We have discussed that as well, and I agree we need a way to get the identity if the vehicle. If you have that and can get a picture showing the vehicle I believe it would greatly increase the chances of being caught/punished. The ideas posted by Finn are important because many abusers don't worry about getting caught because the fine is so small. Increase the odds of getting caught along with stiffer penalties and the abuse should decrease. Good points little man.


----------



## orvis1 (Sep 7, 2007)

I think a hotline would be good but in a lot of area's there is no cell coverage so not sure how it would work. More riding area's will help dispurse the riders out but if a CO can come by and check registration/insurance and enforece the rules. I think you will find the majority of the ATV riders want to follow the laws.
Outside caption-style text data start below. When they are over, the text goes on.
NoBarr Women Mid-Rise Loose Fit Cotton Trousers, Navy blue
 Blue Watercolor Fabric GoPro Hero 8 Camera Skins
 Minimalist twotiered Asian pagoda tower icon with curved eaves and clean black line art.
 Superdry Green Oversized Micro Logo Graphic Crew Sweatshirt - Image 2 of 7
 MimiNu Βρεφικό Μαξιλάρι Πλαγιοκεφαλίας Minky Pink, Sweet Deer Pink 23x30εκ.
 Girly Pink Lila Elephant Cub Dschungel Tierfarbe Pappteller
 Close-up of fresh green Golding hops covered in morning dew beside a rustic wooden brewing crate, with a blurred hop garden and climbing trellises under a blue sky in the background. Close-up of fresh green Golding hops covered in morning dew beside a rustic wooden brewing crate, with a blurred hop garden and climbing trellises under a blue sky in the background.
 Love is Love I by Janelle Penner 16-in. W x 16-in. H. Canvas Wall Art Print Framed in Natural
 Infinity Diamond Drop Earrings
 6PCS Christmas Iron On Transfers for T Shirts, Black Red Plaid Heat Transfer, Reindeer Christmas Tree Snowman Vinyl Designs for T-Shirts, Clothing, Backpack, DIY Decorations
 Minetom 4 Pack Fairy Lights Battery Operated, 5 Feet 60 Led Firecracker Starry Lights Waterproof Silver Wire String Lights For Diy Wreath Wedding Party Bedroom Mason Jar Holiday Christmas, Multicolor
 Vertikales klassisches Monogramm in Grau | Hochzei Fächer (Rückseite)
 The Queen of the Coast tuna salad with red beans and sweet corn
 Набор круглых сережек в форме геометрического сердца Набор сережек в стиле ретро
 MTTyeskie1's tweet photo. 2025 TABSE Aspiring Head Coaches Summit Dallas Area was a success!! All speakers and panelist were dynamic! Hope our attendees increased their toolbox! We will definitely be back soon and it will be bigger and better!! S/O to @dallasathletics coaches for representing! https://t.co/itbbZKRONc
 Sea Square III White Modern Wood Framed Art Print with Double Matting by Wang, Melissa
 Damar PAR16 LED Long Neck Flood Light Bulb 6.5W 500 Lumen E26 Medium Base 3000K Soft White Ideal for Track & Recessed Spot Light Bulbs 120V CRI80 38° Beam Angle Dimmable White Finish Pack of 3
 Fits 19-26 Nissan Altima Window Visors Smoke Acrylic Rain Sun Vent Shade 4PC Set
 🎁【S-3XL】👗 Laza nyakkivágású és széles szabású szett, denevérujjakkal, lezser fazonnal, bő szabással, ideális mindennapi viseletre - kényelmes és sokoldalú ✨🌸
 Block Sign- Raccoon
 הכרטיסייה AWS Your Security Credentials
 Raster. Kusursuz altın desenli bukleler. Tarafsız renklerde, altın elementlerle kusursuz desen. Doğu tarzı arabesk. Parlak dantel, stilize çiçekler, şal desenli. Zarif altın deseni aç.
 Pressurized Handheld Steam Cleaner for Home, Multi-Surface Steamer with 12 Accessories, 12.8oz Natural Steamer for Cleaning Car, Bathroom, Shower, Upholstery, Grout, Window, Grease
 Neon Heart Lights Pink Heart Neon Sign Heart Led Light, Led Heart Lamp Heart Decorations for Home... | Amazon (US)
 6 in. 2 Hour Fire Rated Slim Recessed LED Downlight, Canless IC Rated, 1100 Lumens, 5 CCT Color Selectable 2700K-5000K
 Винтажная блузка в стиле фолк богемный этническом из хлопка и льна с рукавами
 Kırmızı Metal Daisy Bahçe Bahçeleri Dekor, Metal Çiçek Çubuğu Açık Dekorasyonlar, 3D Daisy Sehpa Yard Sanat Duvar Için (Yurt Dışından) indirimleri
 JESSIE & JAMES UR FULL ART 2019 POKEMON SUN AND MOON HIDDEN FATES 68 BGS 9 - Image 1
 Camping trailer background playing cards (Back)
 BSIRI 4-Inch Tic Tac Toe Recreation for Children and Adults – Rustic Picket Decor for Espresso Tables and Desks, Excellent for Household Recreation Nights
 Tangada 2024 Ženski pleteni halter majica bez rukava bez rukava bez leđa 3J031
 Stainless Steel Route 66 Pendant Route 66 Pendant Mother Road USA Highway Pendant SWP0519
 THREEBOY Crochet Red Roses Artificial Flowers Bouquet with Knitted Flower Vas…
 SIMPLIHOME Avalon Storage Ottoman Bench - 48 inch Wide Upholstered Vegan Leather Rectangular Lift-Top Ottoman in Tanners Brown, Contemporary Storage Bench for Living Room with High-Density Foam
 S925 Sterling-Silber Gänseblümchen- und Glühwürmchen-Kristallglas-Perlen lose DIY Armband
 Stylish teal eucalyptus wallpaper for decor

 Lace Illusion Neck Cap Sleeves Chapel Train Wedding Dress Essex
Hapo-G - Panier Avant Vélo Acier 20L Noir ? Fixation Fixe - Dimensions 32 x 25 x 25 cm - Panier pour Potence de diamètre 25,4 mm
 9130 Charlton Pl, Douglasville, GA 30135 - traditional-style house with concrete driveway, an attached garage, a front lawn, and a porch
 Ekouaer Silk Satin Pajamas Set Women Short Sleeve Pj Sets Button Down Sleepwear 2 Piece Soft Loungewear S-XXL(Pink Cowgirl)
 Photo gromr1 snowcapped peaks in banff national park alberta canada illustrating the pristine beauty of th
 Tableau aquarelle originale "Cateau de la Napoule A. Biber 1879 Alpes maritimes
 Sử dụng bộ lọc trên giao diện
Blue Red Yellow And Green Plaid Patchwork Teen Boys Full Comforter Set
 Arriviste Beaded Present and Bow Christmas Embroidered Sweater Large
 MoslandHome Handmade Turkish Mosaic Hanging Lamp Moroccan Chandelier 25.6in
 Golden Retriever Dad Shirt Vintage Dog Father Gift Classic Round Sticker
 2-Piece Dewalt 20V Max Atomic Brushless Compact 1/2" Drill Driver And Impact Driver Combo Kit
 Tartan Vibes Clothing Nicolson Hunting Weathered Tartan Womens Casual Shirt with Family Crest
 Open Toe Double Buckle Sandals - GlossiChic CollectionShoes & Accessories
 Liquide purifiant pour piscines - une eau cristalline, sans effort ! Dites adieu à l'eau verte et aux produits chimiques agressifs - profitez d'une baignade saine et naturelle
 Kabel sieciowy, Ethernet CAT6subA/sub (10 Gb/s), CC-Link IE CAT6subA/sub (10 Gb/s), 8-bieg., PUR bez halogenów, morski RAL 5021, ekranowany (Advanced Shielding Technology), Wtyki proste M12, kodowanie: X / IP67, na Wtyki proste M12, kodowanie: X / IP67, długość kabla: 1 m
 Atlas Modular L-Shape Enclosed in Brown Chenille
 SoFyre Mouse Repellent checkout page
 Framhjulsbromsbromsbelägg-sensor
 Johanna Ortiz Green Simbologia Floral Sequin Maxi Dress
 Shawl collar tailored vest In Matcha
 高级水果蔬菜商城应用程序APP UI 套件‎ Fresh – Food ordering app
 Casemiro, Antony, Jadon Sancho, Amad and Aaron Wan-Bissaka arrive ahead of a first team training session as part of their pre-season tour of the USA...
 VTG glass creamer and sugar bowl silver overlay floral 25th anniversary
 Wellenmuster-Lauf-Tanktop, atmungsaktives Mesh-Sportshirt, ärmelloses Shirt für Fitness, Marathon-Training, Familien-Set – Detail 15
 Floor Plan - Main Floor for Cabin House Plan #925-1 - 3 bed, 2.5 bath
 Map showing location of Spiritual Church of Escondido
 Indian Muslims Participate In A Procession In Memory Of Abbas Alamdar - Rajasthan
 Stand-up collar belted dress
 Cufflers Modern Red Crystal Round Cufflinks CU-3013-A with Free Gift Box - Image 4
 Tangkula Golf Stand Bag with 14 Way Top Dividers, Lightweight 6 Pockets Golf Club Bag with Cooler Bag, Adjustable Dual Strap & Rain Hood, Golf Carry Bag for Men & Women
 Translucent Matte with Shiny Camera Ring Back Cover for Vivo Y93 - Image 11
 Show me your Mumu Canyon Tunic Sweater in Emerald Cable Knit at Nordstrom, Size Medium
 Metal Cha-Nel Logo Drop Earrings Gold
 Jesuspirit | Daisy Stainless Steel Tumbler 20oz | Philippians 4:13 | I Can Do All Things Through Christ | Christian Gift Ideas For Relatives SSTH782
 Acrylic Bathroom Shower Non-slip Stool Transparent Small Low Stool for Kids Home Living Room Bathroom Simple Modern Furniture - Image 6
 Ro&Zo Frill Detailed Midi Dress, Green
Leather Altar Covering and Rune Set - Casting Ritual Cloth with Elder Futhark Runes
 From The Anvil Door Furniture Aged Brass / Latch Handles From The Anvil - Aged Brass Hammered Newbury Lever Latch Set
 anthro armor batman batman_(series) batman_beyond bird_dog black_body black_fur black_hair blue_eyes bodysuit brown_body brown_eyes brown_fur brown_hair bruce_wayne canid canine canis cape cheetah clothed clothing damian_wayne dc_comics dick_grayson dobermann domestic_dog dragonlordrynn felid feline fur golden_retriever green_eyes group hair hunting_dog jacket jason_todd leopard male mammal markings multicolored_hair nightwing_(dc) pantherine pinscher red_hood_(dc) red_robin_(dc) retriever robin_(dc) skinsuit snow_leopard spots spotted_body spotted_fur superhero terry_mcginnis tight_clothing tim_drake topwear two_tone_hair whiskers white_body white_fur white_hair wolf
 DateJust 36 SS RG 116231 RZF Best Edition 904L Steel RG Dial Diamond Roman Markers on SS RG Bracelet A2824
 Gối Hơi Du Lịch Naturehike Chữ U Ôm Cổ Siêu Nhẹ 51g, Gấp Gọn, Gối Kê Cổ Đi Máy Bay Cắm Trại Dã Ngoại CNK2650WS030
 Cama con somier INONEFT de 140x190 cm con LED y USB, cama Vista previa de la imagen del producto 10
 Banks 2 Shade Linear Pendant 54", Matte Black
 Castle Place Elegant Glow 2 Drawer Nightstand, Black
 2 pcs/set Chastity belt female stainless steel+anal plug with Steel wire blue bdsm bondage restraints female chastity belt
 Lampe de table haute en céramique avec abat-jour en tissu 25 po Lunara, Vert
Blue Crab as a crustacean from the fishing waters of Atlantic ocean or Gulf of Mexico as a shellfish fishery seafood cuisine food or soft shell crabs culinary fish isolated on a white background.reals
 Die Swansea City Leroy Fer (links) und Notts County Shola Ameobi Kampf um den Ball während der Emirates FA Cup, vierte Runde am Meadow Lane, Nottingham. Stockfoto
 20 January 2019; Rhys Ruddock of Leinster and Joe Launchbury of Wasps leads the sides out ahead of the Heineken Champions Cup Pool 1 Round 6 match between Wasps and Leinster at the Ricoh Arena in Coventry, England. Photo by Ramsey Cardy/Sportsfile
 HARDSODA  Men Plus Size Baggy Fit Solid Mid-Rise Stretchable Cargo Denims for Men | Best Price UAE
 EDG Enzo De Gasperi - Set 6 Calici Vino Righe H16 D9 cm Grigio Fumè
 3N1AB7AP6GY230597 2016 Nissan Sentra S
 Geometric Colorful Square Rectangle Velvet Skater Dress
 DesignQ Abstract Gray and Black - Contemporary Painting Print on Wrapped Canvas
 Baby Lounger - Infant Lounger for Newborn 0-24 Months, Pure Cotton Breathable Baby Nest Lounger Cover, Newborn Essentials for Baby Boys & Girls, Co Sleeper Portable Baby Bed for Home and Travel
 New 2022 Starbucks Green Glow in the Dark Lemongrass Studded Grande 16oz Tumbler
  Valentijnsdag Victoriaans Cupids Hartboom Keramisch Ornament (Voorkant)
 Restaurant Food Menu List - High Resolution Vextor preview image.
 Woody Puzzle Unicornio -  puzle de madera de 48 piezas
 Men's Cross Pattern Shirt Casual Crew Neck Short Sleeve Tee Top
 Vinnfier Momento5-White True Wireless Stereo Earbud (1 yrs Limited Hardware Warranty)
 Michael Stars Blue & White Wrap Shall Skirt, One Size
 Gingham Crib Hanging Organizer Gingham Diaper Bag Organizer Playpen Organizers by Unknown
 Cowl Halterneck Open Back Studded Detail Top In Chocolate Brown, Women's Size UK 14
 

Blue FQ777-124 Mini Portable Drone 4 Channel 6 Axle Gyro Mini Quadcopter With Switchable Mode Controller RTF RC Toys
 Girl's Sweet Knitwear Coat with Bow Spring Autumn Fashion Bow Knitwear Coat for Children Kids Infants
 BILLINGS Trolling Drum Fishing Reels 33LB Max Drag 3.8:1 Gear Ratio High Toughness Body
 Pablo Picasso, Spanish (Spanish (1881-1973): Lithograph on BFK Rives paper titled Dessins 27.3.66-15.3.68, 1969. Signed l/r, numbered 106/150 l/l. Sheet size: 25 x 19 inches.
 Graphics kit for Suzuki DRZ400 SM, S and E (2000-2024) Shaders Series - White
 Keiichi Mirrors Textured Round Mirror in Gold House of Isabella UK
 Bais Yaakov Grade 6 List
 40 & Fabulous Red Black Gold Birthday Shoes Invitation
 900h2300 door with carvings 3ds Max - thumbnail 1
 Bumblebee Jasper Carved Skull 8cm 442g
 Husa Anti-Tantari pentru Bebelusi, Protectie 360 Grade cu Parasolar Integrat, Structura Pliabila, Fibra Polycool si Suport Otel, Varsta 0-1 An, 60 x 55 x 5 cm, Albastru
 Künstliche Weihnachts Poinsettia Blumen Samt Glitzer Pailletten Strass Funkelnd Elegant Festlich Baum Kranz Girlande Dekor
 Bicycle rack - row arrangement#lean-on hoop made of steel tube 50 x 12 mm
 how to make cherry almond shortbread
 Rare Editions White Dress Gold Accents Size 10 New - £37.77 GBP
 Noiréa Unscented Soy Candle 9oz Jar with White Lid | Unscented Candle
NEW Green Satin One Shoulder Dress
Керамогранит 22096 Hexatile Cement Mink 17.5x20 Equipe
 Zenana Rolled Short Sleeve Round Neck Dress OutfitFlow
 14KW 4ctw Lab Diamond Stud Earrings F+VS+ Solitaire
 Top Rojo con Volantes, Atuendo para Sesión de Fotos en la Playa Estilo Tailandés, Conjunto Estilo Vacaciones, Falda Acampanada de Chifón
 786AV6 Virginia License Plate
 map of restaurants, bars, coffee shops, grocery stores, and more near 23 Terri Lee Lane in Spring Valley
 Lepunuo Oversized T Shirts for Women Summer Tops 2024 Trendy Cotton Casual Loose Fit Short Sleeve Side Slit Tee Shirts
If you need some imput good websites to ask on an open forum are utahatv.com & atvutah.com.


----------



## Treehugnhuntr (Sep 7, 2007)

proutdoors said:


> Treehugnhuntr said:
> 
> 
> > I would like to see a law in place keeping ATV's ON trails in ALL areas, except for areas designated for off road travel, such as Sand Mountain etc...
> ...


Good to know. I have been told by a few people that BLM land is open to riding, basically anywhere they want. Where can I get The statute/law in riding to tape to the ATV's I just "tuned up"?

There is a place that I frequent that has motorcycle and ATV tracks everywhere through the trees and sagebrush in the spring time. I've watched on several occasions as they tear up vegetation and unknowingly chase deer and elk.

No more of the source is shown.